Gentes venidas desde las tierras de Celanova o a Baixa Limia, y aún las de vecinas aldeas, fueron colmando una barriada en la que sobresalían el salón Casablanca, de Floreano Velo, bar y sala de fiestas en edificio aun hoy en pie y de borrosas letras donde todos los domingos imponentes bailes en competencia, podría decirse, con Las Cabañas en el barrio de O Couto; casas dispersas de una planta, algunos chalets, manzanas en la cuesta como la llamábamos. las pandillas se esparcían por el campo del Feijoo o mejor Riestra dando patadas a cualquier balón, de donde luego nacería el Casablanca CF (donde el entrenador César Silva, Cóser, contaba con los memorables Madriles, portero en Primera; Evaristo, en Segunda; Quico, habilidoso que no llegaría; Luisín, en Primera con el Depor; el contundente Joja, Mascarón, pronto profesional del volante; Pepín, habilidoso emigrado antes de hacer carrera; el muy habilidoso Noliño, al que le decisión paterna encaminó por otra vía;  Parras, que jugaría en Segunda; los Chichos, Iglesias y Boli, que no  hicieron carrera en este fútbol y si en su profesión de bancario y maestro en FP; Bande, en varios equipos de categoría regional, y Bolita, que la haría en el fútbol militando en el Ourense y en Primera…), tras el cual Valerio (que el honor tuvo de que así se llamase el camino por donde vagaba a mediodía), un singular toliño, de interminables carrerillas a pesar de una oblicua cojera. Más abajo, el excéntrico Celso Rego nos hacía sudar empujando en duros remontes, subido él en su carro de ruedas de madera herradas, hasta Parada, con el premio por remolcarle, acomodarse en el carro con balderas, que en temeraria bajada amagaba con atropellar a toda cuanta leiteira o rianxeira de regreso, que yacía por las cunetas volcando lo no vendido; Manolo Carballo, fogueado en el oficio en la peluquería Sol, del Posío, se establecía a medio camino; narrador sin igual, más iba mi padre a cortarse el pelo por lo que le contaba que por la destreza en el oficio, que mucha era.

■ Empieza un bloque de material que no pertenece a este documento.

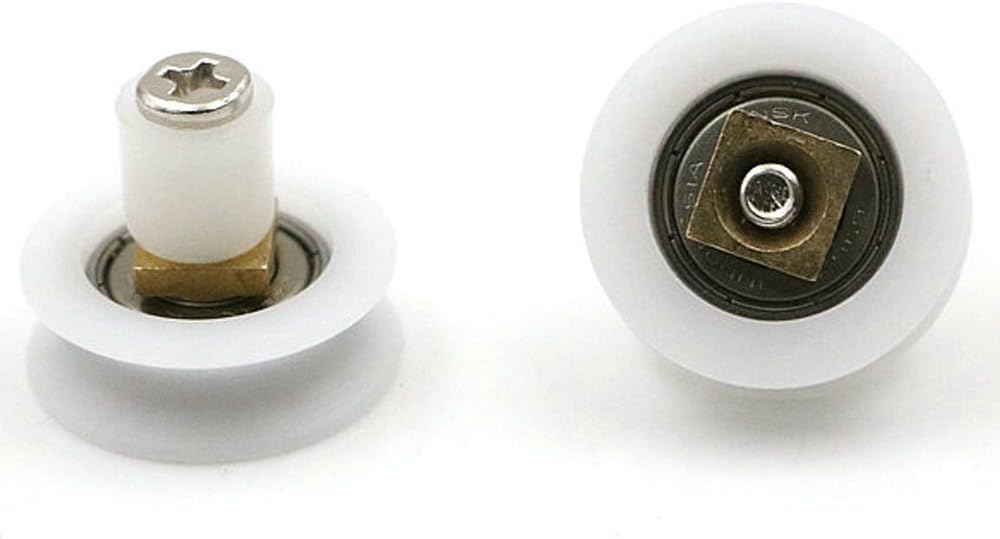 Rodillos de puerta de ducha de polea, accesorios de baño de empuje de arco, rueda colgante de puerta de vidrio, polea de ducha, rodillo de puerta corredera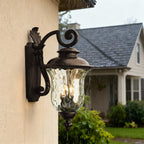 Black Exterior Wall Light Outdoor Waterproof Black Aluminum Lamp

Un singular Barrio, como otros habrá, que bullía en vida y donde las mujeres, a tenor de la época, llevaban una vida de recogimiento en sus hogares, mientras los varones en sus ocios vagaban entre vasos, cafés, dominós o partidas de cartas, y los golfetes daban también su proyección, sin entender el calificativo al pie de la letra si no que debe traducirse por activos adolescentes y jóvenes, de los que algunos, además del fútbol, organizaban juegos atléticos en el campo Riestra donde Jandrís se intitulaba campeón de altura del año pasado porque por más que incapaz de renovar el título, de eso presumía; una barriada que podía colocar cualquier domingo a docenas de patinetes de cajas de bolas rumbo a Celanova a donde nunca se llegaba, porqué, fatigados, conformes con avistar las cuestas de Vilanova, dábamos la vuelta so pretexto de no llegar a comer a casa. Otro, los menos activos, echaban partidas de julepe o subastado en pleno campo, bajo los sones del impenitente bombardino de un Rego de Moreiras.